The single I Wanna Live definitely evokes The Foos, but stands on its own as a four-minute gem. Alessio Garavello’s vocals take flight in the gloriously commercial chorus and don’t touch down again during the whole album.
In Step Into the Wild the softer side of the band is glimpsed and the chorus becomes wildly memorable after a few listens. The restrained mood is carried over into the beginning of Home but is blown away by what follows in the rest of the song.

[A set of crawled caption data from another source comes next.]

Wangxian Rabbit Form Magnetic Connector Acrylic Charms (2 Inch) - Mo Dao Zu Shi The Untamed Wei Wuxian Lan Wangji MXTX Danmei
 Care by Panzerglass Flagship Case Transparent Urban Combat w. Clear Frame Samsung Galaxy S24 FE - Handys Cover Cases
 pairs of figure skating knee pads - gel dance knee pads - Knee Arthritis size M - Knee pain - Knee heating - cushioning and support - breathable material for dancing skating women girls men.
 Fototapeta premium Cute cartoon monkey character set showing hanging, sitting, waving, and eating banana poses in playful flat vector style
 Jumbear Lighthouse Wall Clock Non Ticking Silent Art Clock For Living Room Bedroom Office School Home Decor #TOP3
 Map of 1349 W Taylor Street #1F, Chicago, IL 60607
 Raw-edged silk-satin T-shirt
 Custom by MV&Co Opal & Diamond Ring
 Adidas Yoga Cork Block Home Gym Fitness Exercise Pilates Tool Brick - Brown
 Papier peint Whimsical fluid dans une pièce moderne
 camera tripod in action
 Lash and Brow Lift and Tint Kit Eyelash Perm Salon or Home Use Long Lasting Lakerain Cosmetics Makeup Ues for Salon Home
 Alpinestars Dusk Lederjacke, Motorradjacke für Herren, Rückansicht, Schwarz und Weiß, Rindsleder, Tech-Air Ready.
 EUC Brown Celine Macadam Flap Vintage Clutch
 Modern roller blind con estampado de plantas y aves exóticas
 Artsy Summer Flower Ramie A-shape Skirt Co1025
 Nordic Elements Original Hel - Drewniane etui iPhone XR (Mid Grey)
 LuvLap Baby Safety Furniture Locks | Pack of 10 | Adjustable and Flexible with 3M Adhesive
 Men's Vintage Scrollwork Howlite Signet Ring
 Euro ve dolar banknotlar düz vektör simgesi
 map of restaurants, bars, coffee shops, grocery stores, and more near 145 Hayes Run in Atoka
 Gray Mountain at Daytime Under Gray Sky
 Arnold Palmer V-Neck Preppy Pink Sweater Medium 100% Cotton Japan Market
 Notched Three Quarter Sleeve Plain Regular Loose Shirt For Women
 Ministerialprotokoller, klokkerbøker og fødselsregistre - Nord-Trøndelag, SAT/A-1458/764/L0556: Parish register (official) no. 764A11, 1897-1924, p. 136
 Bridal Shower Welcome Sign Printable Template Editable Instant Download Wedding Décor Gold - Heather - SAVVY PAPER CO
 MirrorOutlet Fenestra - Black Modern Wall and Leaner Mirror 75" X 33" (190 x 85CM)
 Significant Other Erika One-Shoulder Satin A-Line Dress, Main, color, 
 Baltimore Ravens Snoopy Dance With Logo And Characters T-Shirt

Universe, the eponymous title track, seems a contender for single release, containing as it does more hooks and soaring vocals. One slightly off note: the bonus track, Abrasive, brings to mind Thin Lizzy’s Jailbreak in terms of content and feel but, honestly, is superfluous to the collection. It manages to over-extend itself in its near six minutes where all the other tracks have said and done what they need to in around four.
In fact, it is in the very concision of nearly all the songs that the attraction of Universe ultimately lies. Not for this band the tortuous seven minute, self-indulgent epics that many others in this genre seem unable to avoid. This album sets out to deliver its message in bite-size chunks, with crunching guitars and powerful vocals and it succeeds in doing just that.
If you like your harder-edged rock just on the edge of popular then take a listen.